I have decided to start dating the blogs to admit to the few of you who read these pages how dilatory I really am in my efforts to save the human race, an perhaps sell a few books in the process. There aren’t many of us with unmixed motives, and mine aren’t much purer than the average.
I finally have my book, Moon Life, up on Amazon in something like the form I thought it would take. The conception is always greater than the reality, of course, but it turned out close to as good as I could make it in a reasonable time, so I am happy with it. If it does ok, there are another three behind it. These are exiting times for planetary science and it isn’t too hard to see a future for us if we make it through the next fifty years or so.
That little book is going to have to make it on its own. I have given it as much help as I can.
So now I am free to discuss the reason why I wrote the book – the need for us to go off planet. We now have the resources, and we need to use them. Certainly, if we don’t, and we ever need to, we won’t have the time to explain our failure to our descendants. There won’t be any.

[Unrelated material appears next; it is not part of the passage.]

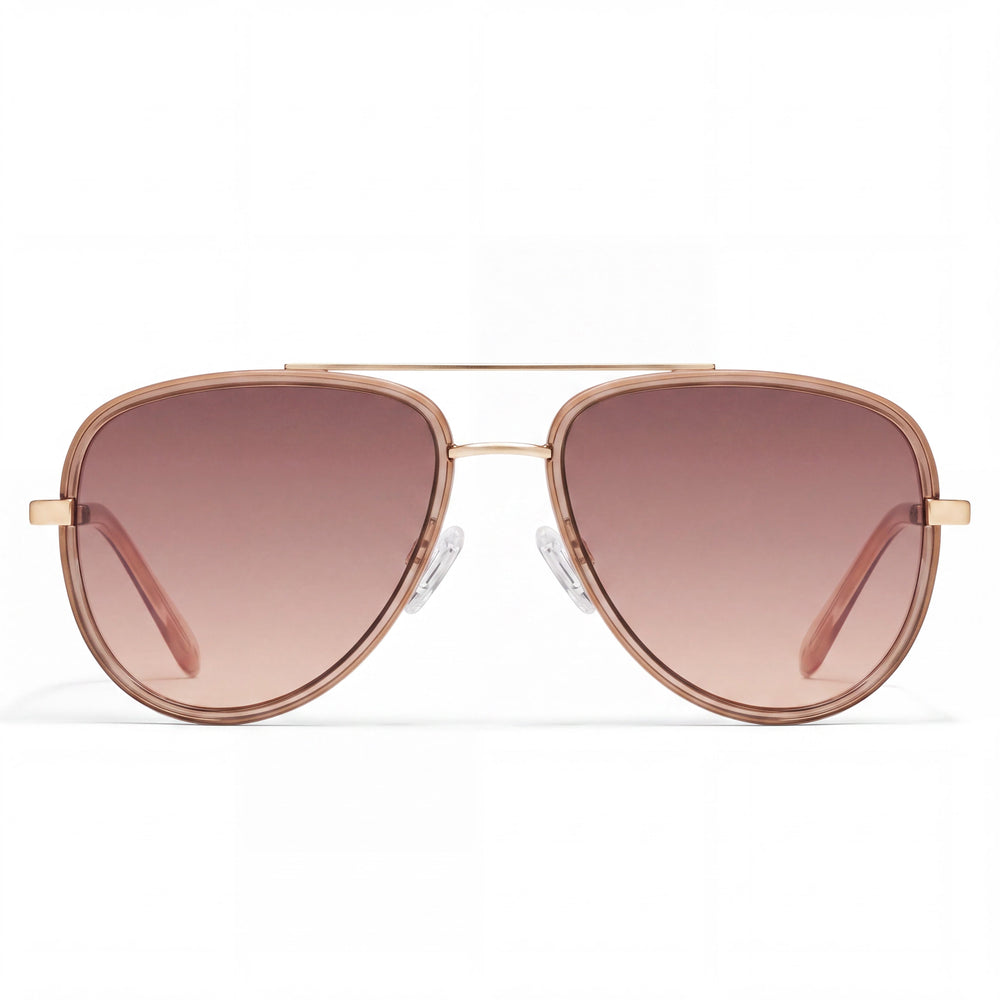 QUAY AUSTRALIA All in Medium Unisex Aviator Sunglasses, Doe Brown Fawn Combination Frame, Brown Fawn Lenses, UV Protection, 56mm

Even though there is not much action on the government side, there is a lot of determination in the few of the billionaire class interested in these things to make their mark in space travel, and quite a bit of ingenuity showing.

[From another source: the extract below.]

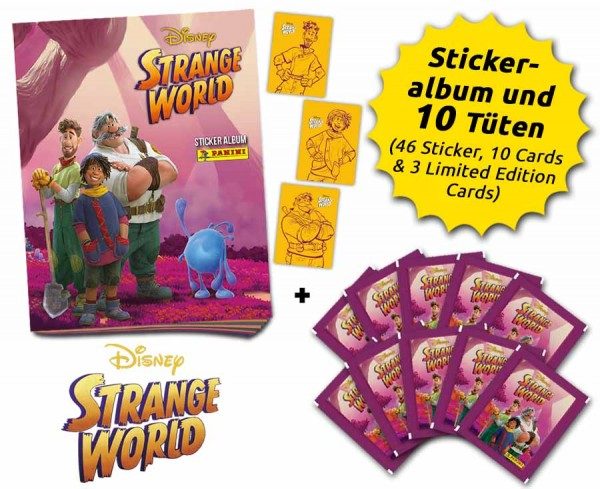 Disney Strange World - Sticker & Cards - Schnupperbundle mit 10 Tüten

But, as market activity usually takes its form in chaotic bursts, there is no continuity of effort in it all. Each entrepreneur is determined to find his (and it is his) own place in the sun, literally.
If all that money and creativity could be coordinated into an effective programme to plant some robots on the moon to actually start the sequence of work necessary to prepare for some real colonists, rather than visitors, we might be able to do something that would have some lasting significance.
I don’t really think we have reached the stage for that kind of determination and focused activity yet. I am afraid, like most human activity that requires sacrifice, we will try that only after we have tried everything else. Maybe, as I postulate, there will still be time, and maybe there won’t.
They don’t call them mass extinctions to emphasize their survivability.
You might wonder how an ignorant person from an out-of -the way place like Toronto (hint – Canada) would have the unvarnished temerity to enter into such a discussion.
Well, if you asked, and maybe, just maybe, you did, I have an answer for you. Maybe not an acceptable one, but an answer. I happen to be a self-declared expert on Moon Colonies, having written one of the books on them. It’s premise is pretty extreme, but it is starting to look a little less extreme as the research goes on and more is discovered about its basic premise of a comet strike.
Recently, one of the Mars orbiters has imaged some indications of Tsunami deposits on Mars. Because Tsunamis are only induced by extreme conditions, it points to something very violent in Mars’ history after the giant collision that scientists speculate formed the lowland northern hemisphere of the planet and radically changed its evolution by stripping it of much of its atmosphere and surface water.
Everyone who is interested in such things is aware that there are many indications, some found at close range by the Curiosity rover, that there was once a lot of liquid water on the surface of Mars, perhaps enough to make an ocean.
If we assume that indications are likelihoods, it is not much of a step to posit that meteors (does one call them meteorites on Mars?) impacted the planet while it still had oceans at least twice after the collision(s) that reshaped the planet.
This seems to indicate that such collisions are far more frequent than we would like to admit. Added to the unsettling evidence that any view of the moon and planets will provide, along with the evidence that is unfolding about mass extinctions, nervous people might well become just a little concerned by all these unwelcome facts.
Certainly, a number of the great minds of the age have arrived independently at the same conclusion. Carl Sagan and Stephen Hawking for two, along with a lot of other astronomers now working.
It’s impossible to look out at the universe and not be aware, as Hawking said, that it is a violent place.
It seems entirely logical that one of the reasons that we have not found other intelligence is that it would probably be produced in a solar system like ours with rocky planets that necessarily includes the kind of danger we face both internal (earthquakes etc.) and external (meteors etc.). Maybe that is a condition of life and few such intelligences would be more likely than us to sacrifice our present for our future.
I admit to you that it is a very unlikely scenario, but the consequences are so bad and the ultimate probability so high that maybe we should throw some resources at it. Let’s call it insurance.